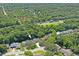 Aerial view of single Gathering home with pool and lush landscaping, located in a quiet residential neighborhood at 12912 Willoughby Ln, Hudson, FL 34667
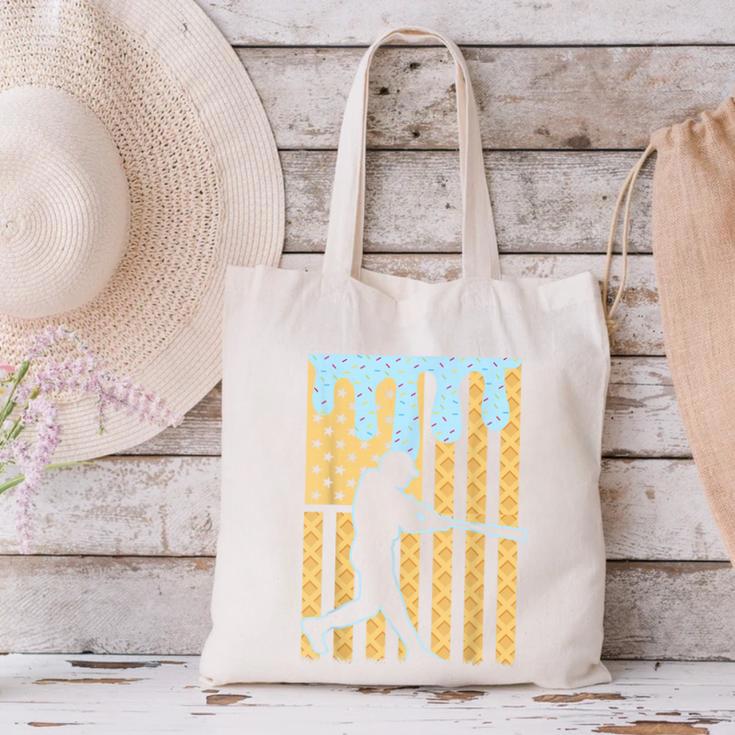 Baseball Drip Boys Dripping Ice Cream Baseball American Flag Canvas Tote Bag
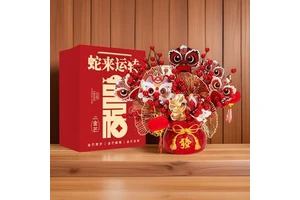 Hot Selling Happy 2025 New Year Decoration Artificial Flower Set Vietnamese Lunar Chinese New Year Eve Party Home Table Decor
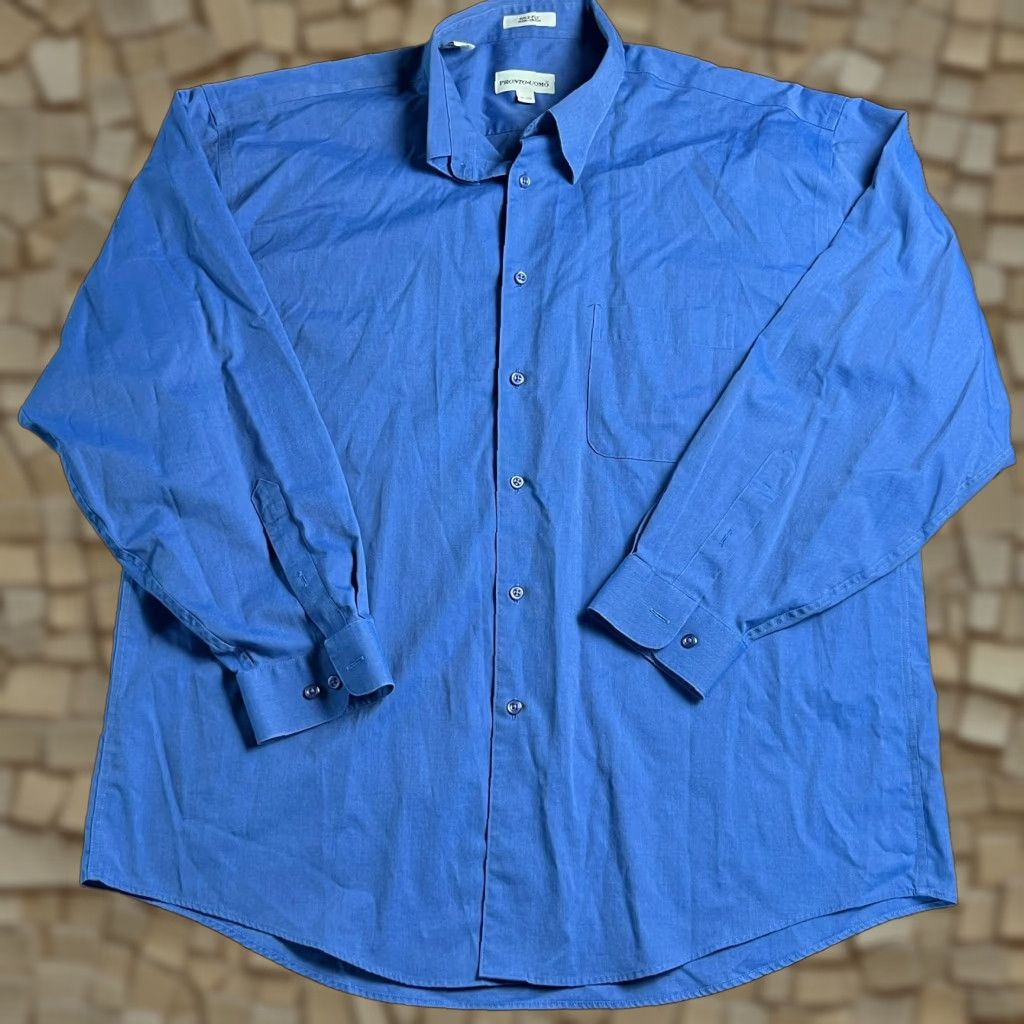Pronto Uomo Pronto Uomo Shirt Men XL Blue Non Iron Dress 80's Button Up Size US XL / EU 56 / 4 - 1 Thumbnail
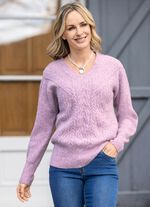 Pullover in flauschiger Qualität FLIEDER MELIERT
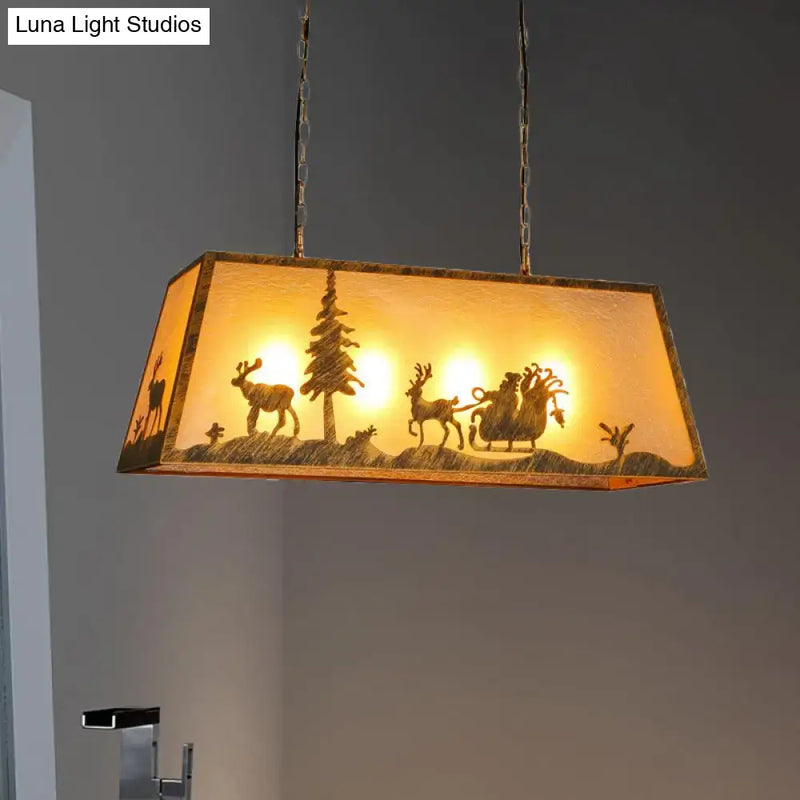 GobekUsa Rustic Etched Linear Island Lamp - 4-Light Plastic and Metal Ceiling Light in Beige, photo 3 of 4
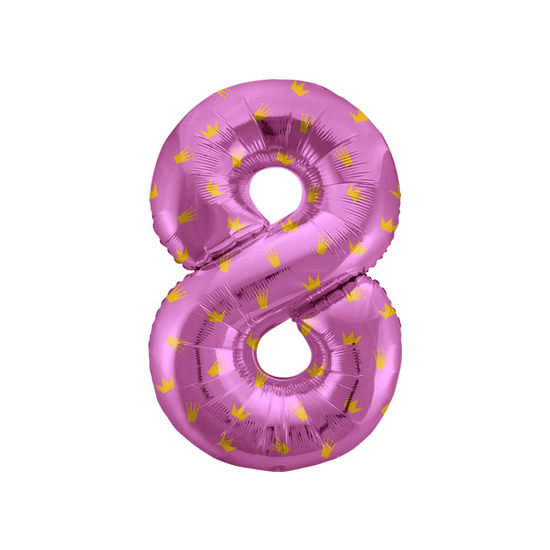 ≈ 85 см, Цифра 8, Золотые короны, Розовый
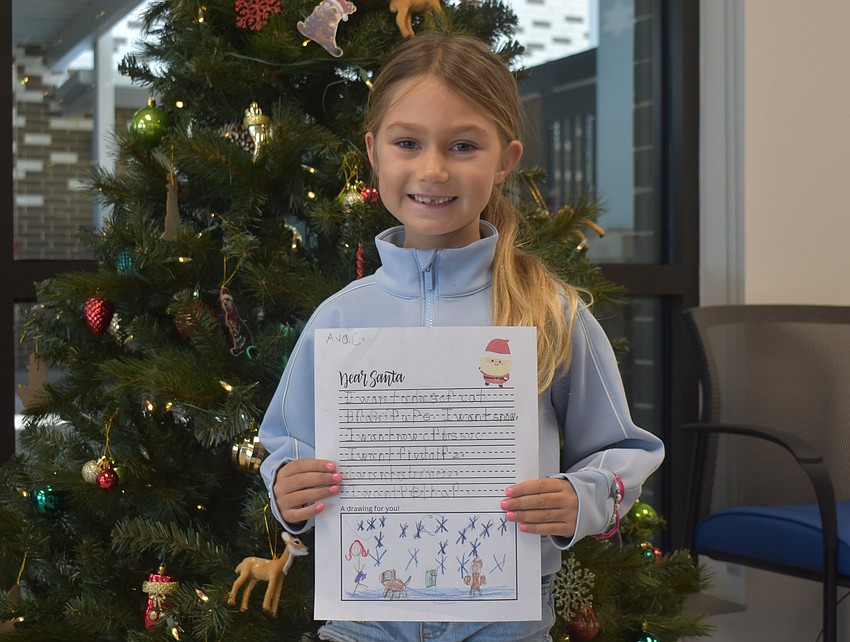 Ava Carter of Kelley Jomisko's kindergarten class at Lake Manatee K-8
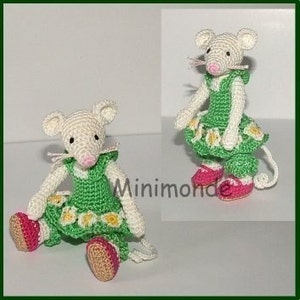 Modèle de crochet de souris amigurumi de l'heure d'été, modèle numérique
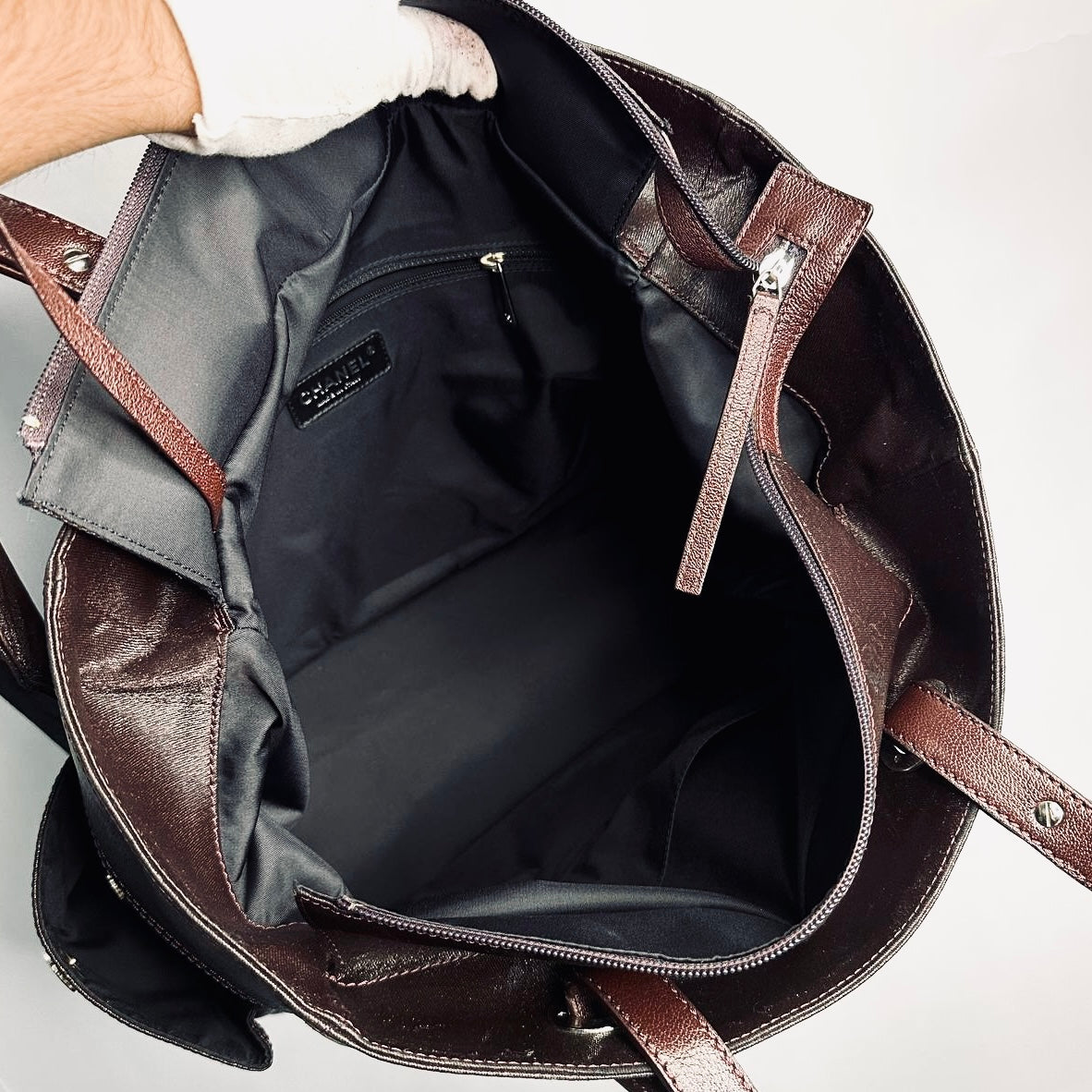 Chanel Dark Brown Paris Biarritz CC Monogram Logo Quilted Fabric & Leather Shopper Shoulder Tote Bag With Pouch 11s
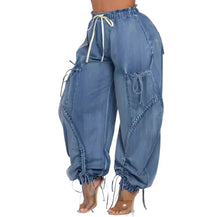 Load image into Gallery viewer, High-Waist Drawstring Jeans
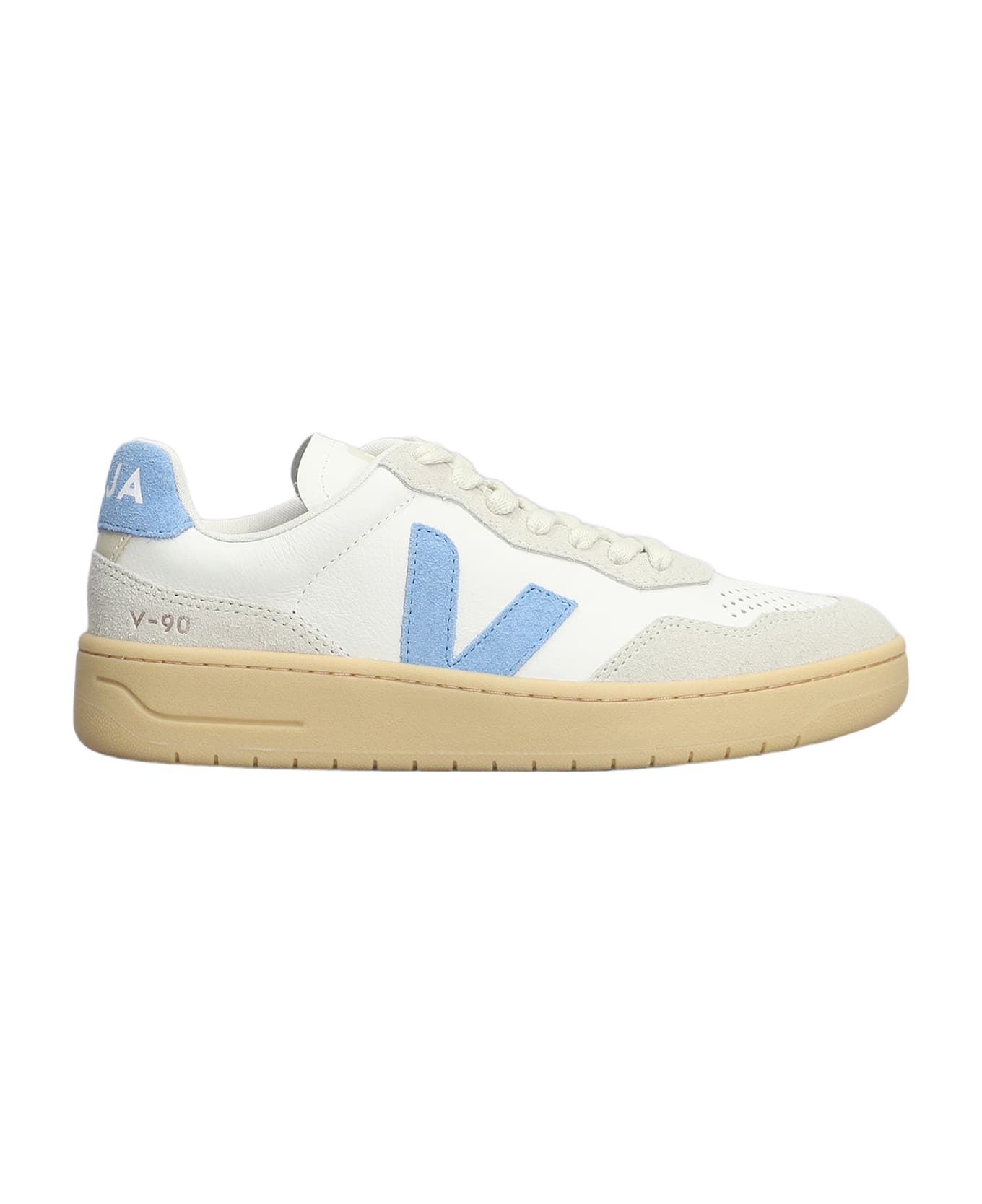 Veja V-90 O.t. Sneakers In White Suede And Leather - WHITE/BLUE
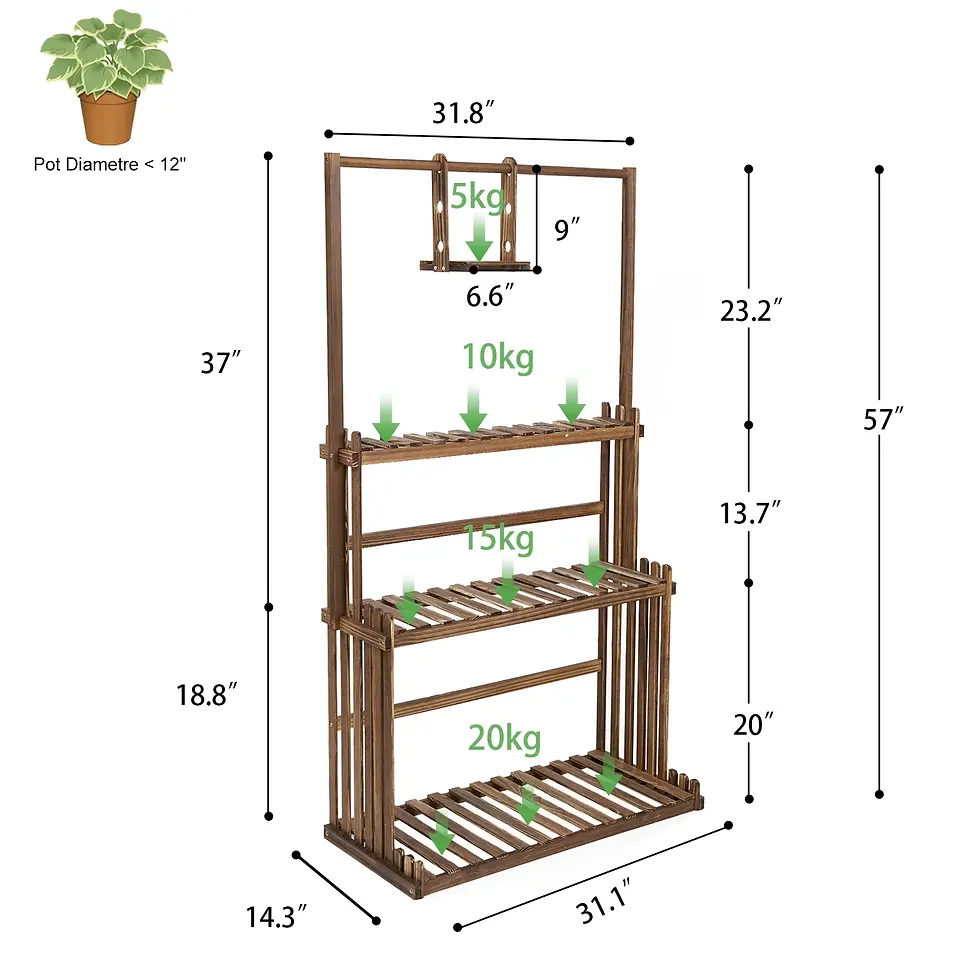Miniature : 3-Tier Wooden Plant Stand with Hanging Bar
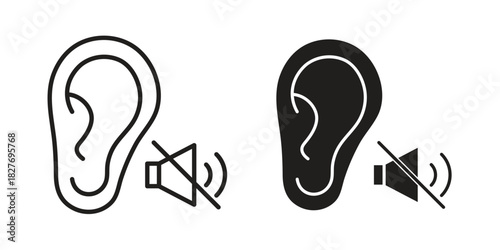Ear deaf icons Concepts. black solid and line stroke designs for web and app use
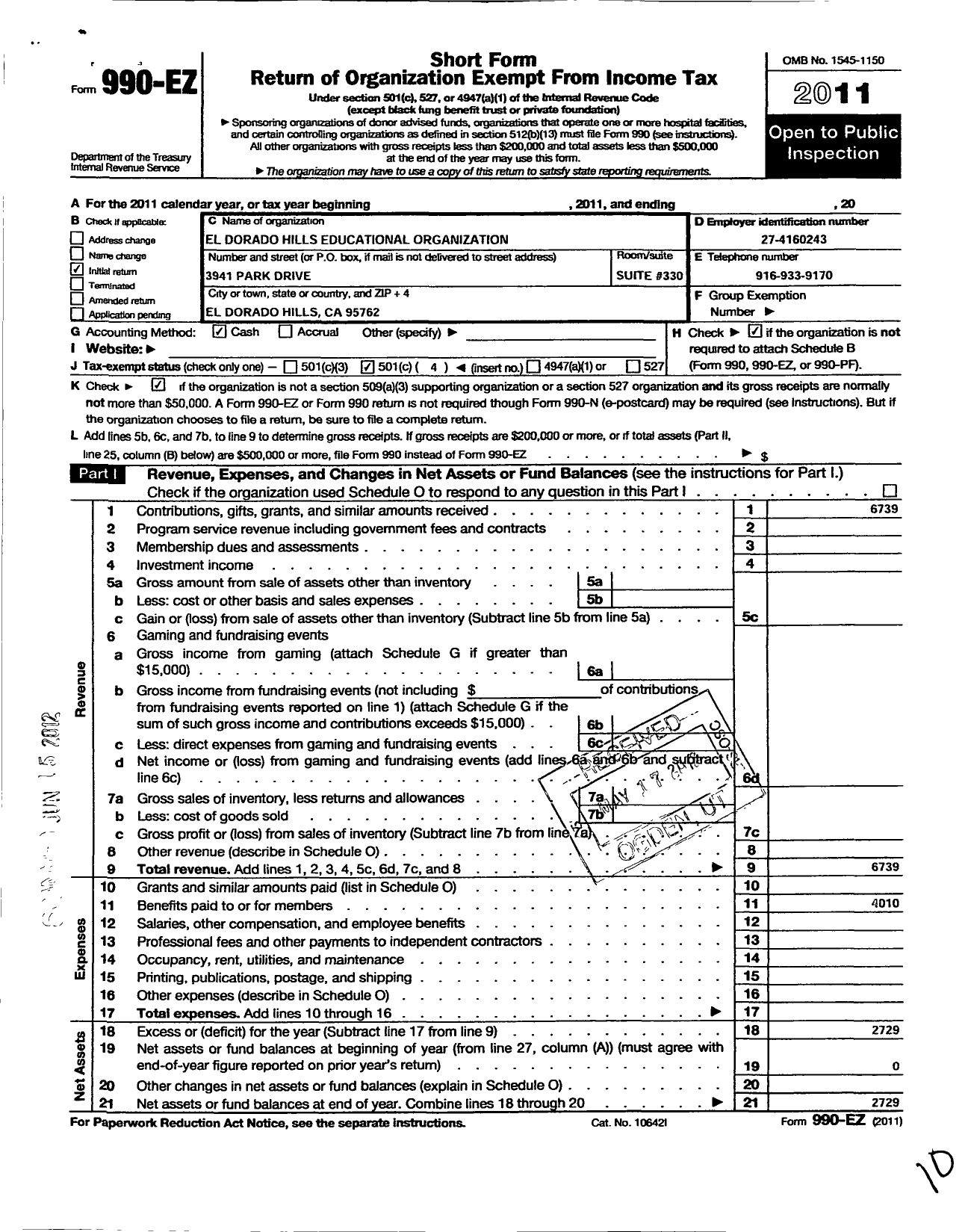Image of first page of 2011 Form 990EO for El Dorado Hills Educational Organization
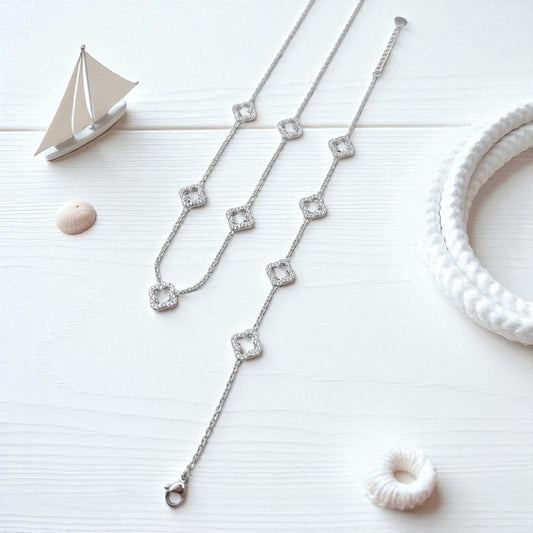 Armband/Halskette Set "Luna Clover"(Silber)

···

ACTION ITEM: Output every line above exactly as it stands, and drop any picture.

ANSWER TO THIS TASK:
 Aerial view of single Gathering home with pool and lush landscaping, located in a quiet residential neighborhood at 12912 Willoughby Ln, Hudson, FL 34667
 Baseball Drip Boys Dripping Ice Cream Baseball American Flag Canvas Tote Bag
 Hot Selling Happy 2025 New Year Decoration Artificial Flower Set Vietnamese Lunar Chinese New Year Eve Party Home Table Decor
Pronto Uomo Pronto Uomo Shirt Men XL Blue Non Iron Dress 80's Button Up Size US XL / EU 56 / 4 - 1 Thumbnail
 Pullover in flauschiger Qualität FLIEDER MELIERT
 GobekUsa Rustic Etched Linear Island Lamp - 4-Light Plastic and Metal Ceiling Light in Beige, photo 3 of 4
 ≈ 85 см, Цифра 8, Золотые короны, Розовый
 Ava Carter of Kelley Jomisko's kindergarten class at Lake Manatee K-8
 Modèle de crochet de souris amigurumi de l'heure d'été, modèle numérique
 Chanel Dark Brown Paris Biarritz CC Monogram Logo Quilted Fabric & Leather Shopper Shoulder Tote Bag With Pouch 11s
 Load image into Gallery viewer, High-Waist Drawstring Jeans
 Veja V-90 O.t. Sneakers In White Suede And Leather - WHITE/BLUE
Miniature : 3-Tier Wooden Plant Stand with Hanging Bar
Ear deaf icons Concepts. black solid and line stroke designs for web and app use
Image of first page of 2011 Form 990EO for El Dorado Hills Educational Organization
 Armband/Halskette Set "Luna Clover"(Silber)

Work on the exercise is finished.